Pre-"Mouth-to-Mouth" Resuscitation Methods?

Was there ever a time when it was advised to resuscitate by laying the victim on his/her belly, and pushing on his/her back? I can see where this may stir movement in the lungs, but (a) it could do equally bad damage to the spinal cord and (b) not be too productive, I WAG. I’ve seen this in cartoons*, but I just caught sight of this being the recommended method in a early 1970’s sit-com AND it implied “mouth to mouth” was a new concept at the time.

*“out with the bad air, in with the good air”…I’m sure many a SDoper has heard reference to this, in the least.

What’s the SD on this?

  • Jinx

There is a tradition in Judo of methods you use to get a concussed person conscious again. They involve manipulation of stomach and body parts - I have only seen diagrams. In the diagrams the victim was on his back and the practitioner was crouching over him.

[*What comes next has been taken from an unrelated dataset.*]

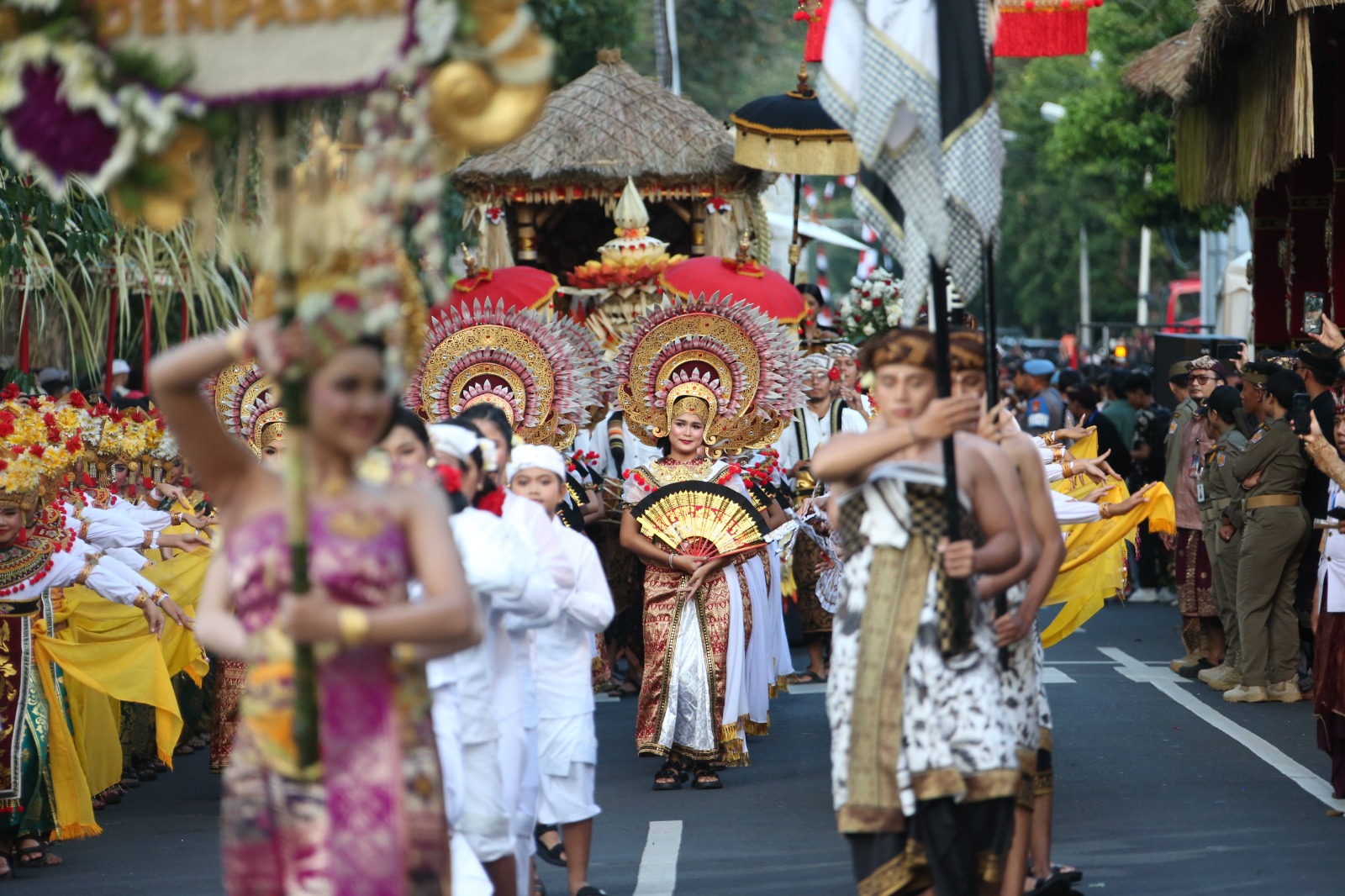 Duta Kota Denpasar Tampilkan Garapan Bertajuk Ida Cokorda Mantuk Ring Rana Pada Peed Aya PKB XLVI.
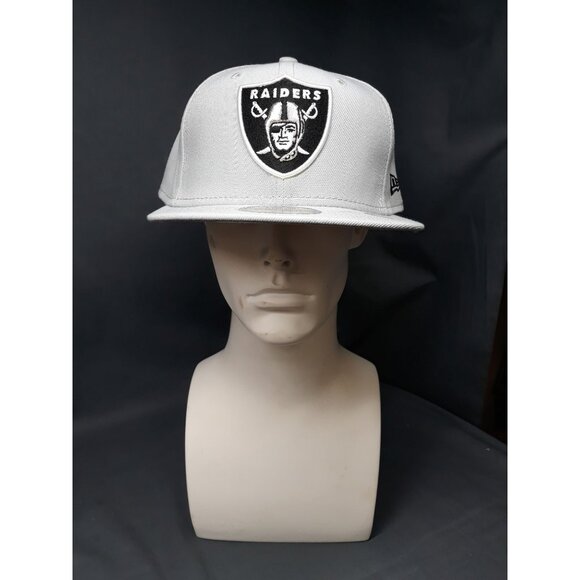 New Era Other - New Era 59Fifty Las Vegas Raiders Fitted Cap Grey Size 7 3/4 NEW WITH TAGS!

Some of them would cause a little motion of breath, and some are said to have worked on some people in some instances, but all of them would leave your victim dead if CPR was what wsa needed.

According to the Wikipedia article on Danish athlete Holger Nielsen, his method was recommended from 1951 to 1958, when it was replaced with mouth-to-mouth. So mouth to mouth wasn’t exactly brand spanking new in 1970.

However in the article on cardiopulmonary resuscitation the paragraph on its history says that:

None of the previous methods involve pressing on a victims back though.

When I first learned first aid in the 1960s they still taught the back pressure /arm lift method of resuscitation.
Lay the victim on their stomach.
Fold their arms so that the forearms are perpendicular to the body.
Turn their head to the side and lay it on the hands, making sure the airway is clear.
Kneel above the head.
Press down on the ribcage (pushing toward the victim’s waist)
Release and grab the upper arms and pull back toward you.
Lather, rinse, repeat.

As I recall from my days as a Boy Scout, it was referred to as “artificial respiration” as opposed to “mouth-to-mouth resuscitation”.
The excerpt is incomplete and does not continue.